The pull requests we've encountered so far have been straightforward in the sense that the changes were easily accomodated in the original repository. Sometimes pull requests involve changes that overlap with a previously merged pull request, and Git cannot differentiate which changes are preferential, since they both occurred since the last shared commit in history. In these cases, Git reports that conflicts have occurred by a box at the bottom of the pull request page stating "This branch has conflicts that must be resolved". By clicking on the "Resolve conflicts" button, an interface appears that highlights the conflict, including the following:

  • <<<<<<< followed by the branch name and the suggested change from the PR
  • =======, which separates the two conflicting changes
  • >>>>>>> followed by the branch name and the original repository's content

Resolving the conflict requires deciding how to reconcile the changes, as well as removing the conflict notation (symbols < = >). After resolving the conflict, the "Mark as resolved" button will become clickable. The interface will prompt to "Commit merge". This commits the conflict resolution, and will afterwards return to the pull request page. The final step will be to normally merge and close the pull request.

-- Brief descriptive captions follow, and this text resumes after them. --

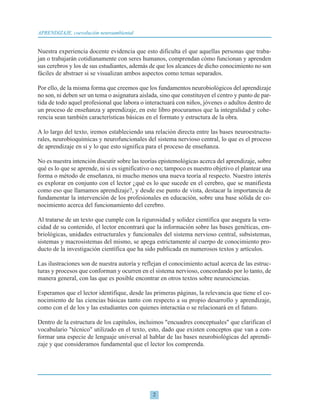 Nuestra experiencia docente evidencia que esto dificulta el que aquellas personas que traba-
jan o trabajarán cotidianamente con seres humanos, comprendan cómo funcionan y aprenden
sus cerebros y los de sus estudiantes, además de que los alcances de dicho conocimiento no son
fáciles de abstraer si se visualizan ambos aspectos como temas separados.
Por ello, de la misma forma que creemos que los fundamentos neurobiológicos del aprendizaje
no son, ni deben ser un tema o asignatura aislada, sino que constituyen el centro y punto de par-
tida de todo aquel profesional que labora o interactuará con niños, jóvenes o adultos dentro de
un proceso de enseñanza y aprendizaje, en este libro procuramos que la integralidad y cohe-
rencia sean también características básicas en el formato y estructura de la obra.
A lo largo del texto, iremos estableciendo una relación directa entre las bases neuroestructu-
rales, neurobioquímicas y neurofuncionales del sistema nervioso central, lo que es el proceso
de aprendizaje en sí y lo que esto significa para el proceso de enseñanza.
No es nuestra intención discutir sobre las teorías epistemológicas acerca del aprendizaje, sobre
qué es lo que se aprende, ni si es significativo o no; tampoco es nuestro objetivo el plantear una
forma o método de enseñanza, ni mucho menos una nueva teoría al respecto. Nuestro interés
es explorar en conjunto con el lector ¿qué es lo que sucede en el cerebro, que se manifiesta
como eso que llamamos aprendizaje?, y desde ese punto de vista, destacar la importancia de
fundamentar la intervención de los profesionales en educación, sobre una base sólida de co-
nocimiento acerca del funcionamiento del cerebro.
Al tratarse de un texto que cumple con la rigurosidad y solidez científica que asegura la vera-
cidad de su contenido, el lector encontrará que la información sobre las bases genéticas, em-
briológicas, unidades estructurales y funcionales del sistema nervioso central, subsistemas,
sistemas y macrosistemas del mismo, se apega estrictamente al cuerpo de conocimiento pro-
ducto de la investigación científica que ha sido publicada en numerosos textos y artículos.
Las ilustraciones son de nuestra autoría y reflejan el conocimiento actual acerca de las estruc-
turas y procesos que conforman y ocurren en el sistema nervioso, concordando por lo tanto, de
manera general, con las que es posible encontrar en otros textos sobre neurociencias.
Esperamos que el lector identifique, desde las primeras páginas, la relevancia que tiene el co-
nocimiento de las ciencias básicas tanto con respecto a su propio desarrollo y aprendizaje,
como con el de los y las estudiantes con quienes interactúa o se relacionará en el futuro.
Dentro de la estructura de los capítulos, incluimos "encuadres conceptuales" que clarifican el
vocabulario "técnico" utilizado en el texto, esto, dado que existen conceptos que van a con-
formar una especie de lenguaje universal al hablar de las bases neurobiológicas del aprendi-
zaje y que consideramos fundamental que el lector los comprenda.
2
APRENDIZAJE, coevolución neuroambiental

Your instructor will demonstrate how this works using an additional pull request for guacamole, but for another set of instructions please go here.

Cloning vs downloading

Now that you have an idea of how remote and local repositories can be related to each other, it's worth noting how you can access someone else's code that is currently available on GitHub. We'll use an example code repository as an example.

On every GitHub repository's online webpage, there is a green button near the upper righthand side of the screen that says "Code". This button allows you to obtain a copy of that repository's contents on your local computer. If you click the button, there are two options from which to choose: "Open with GitHub Desktop" and "Download ZIP".

The first option will copy the contents of the repository to your local computer and open it using GitHub Desktop. This option retains the entire history of the repository as tracked by Git.

The second option downloads a zipped copy of the default branch of the repository to your computer. If you select that option for [], you'll end up with a file called "example_analysis_repo-main.zip" (or a folder called "example_analysis_repo-main") in the default location for downloads on your own computer. This folder contains all of the files in the repository, but only a snapshot of the most recent commit. This file does not contain the version history as tracked via Git. You can confirm this by attempting to access this folder via GitHub Desktop: it won't be recognized as a Git repository.

The main lesson here is to use the method of access that makes sense for your specific needs: if you're going to be working with past versions of files, or continuing to track changes (especially if you'd like to contribute back to the project), you should clone the repository. If you're only interested in looking at the existing files for reference, downloading should be sufficient.

Wrapping up

Today, we explored the use of GitHub to publish our own code/data, as well as how to contribute to someone else's repository using GitHub. The GitHub.com help documentation includes additional examples and illustrations for the tasks we covered today (and more!).

Our next (and final) class is also optional. It will review the materials from the first two classes as implemented on the command line, and also highlight a few things that the command line interface can accomplish that aren't possible with the tools we've used so far.